La meilleure réponse de l’Afrique à cet environnement hostile se nomme ENTREPRISE et se décline en PRODUCTION LOCALE entièrement intégrée.
L’entreprise est la seule entité capable de permettre au continent de rattraper son retard. Parce qu’elle est source de création de richesse et d’emplois. Parce qu’elle garantit l’autonomie quand on ne peut plus compter sur ses meilleurs «amis». Ces amis-là qui n’hésitent plus à afficher la préférence nationale, vous privant de médicaments ou de nourritures.
Au-delà de l’emploi, de la richesse et de la sécurité, la vision entrepreneuriale des Etats a bien des avantages. Car, en amont de cette révolution que nous appelons de nos vœux, il faudra investir massivement dans le capital humain par l’éducation, la formation et la santé, mais aussi dans les superstructures, les infrastructures et la logistique. Il sera aussi nécessaire de mettre en place une administration performante, une justice efficace, un système fiscal incitatif sans nuire aux intérêts des Etats. Bref, il faudra un environnement des affaires dignes des pays scandinaves ou encore de la Nouvelle-Zélande, de Singapour ou de Hong-Kong pour citer ceux qui sont régulièrement classés en tête dans le rapport Doing Business.
En outre, le renforcement de la production locale est rendu nécessaire par l’avènement imminent de la Zone de libre-échange continentale africaine (Zleca).

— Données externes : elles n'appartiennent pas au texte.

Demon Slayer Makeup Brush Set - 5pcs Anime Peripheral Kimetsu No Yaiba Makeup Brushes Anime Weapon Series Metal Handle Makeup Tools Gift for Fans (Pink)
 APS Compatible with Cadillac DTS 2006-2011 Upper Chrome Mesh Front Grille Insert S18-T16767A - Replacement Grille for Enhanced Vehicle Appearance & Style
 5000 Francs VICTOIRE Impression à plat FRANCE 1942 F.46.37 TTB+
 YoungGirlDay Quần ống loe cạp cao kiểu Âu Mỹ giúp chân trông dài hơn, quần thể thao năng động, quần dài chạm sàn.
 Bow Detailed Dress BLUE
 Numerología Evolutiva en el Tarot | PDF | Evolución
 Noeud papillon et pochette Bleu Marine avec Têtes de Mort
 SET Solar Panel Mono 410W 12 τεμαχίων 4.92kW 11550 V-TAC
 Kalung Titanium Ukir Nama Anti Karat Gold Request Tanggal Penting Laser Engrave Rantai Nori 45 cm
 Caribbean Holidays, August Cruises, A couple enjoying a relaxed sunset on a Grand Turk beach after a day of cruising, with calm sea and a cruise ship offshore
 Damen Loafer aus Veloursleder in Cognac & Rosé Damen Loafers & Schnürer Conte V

Car si la création de la Zleca peut être salutaire, il ne faut pas perdre de vue que sa réussite passera d’abord par le nombre d’entreprises africaines permettant aux pays d’échanger entre eux de façon libre en s’appuyant sur les facteurs production…
L’Union africaine en général, et les Etats membres, chacun en ce qui le concerne en particulier, seraient inspirés de penser un plan de formation de la jeunesse et d’innovation pour créer le déclic vers l’esprit d’entreprise. Le succès de la Zleca passera forcément par là. Sinon, comment imaginer une zone de libre-échange continentale où la majorité des pays membres sont encore à un stade de proto-industrie ? Qu’allons-nous échanger ? Quelques rares pays comme l’Afrique du Sud à l’extrême sud du continent, le Nigeria en Afrique de l’Ouest, le Maroc et l’Égypte en Afrique du Nord, le Kenya et l’Ethiopie en Afrique de l’Est, ce que nous pouvons appeler des pôles de croissance, vont peut-être tirer leur épingle du jeu. Les autres seront un simple tube digestif pour consommer. Et ce n’est pas le but assigné à la Zleca.
C’est là où il est possible de réfléchir à quelques alternatives sur le modèle géoéconomique actuel de l’Afrique. Rôle devant être dévolu à l’Union africaine(UA). La réflexion pertinente du Roi du Maroc disant que «L’Afrique doit faire confiance à l’Afrique», quelle qu’en soit la grille de lecture, passe également par le relèvement du degré de transformation industrielle de chaque pays africain pour plus de création de richesse continentale.
L’autre intérêt du rôle de l’entreprise dans le dynamisme de l’Afrique, c’est de servir de soupape de sécurité. Produire ce que nous consommons est non seulement bon et sain pour notre sécurité, elle l’est encore davantage en temps de crise quand les frontières se ferment à la suite d’une pandémie ou tout autre cataclysme ou de guerre.
C’est le sens du dossier spécial de ce numéro 149 d’AFRIMAG de décembre consacré à certaines entreprises africaines ou de filiales de groupes internationaux qui, malgré l’impact négatif du Covid-19, continuent de créer de la richesse et des emplois car elles croient en l’avenir de ce continent bourré de talents mais où souvent l’incurie inhibe les plans de développement.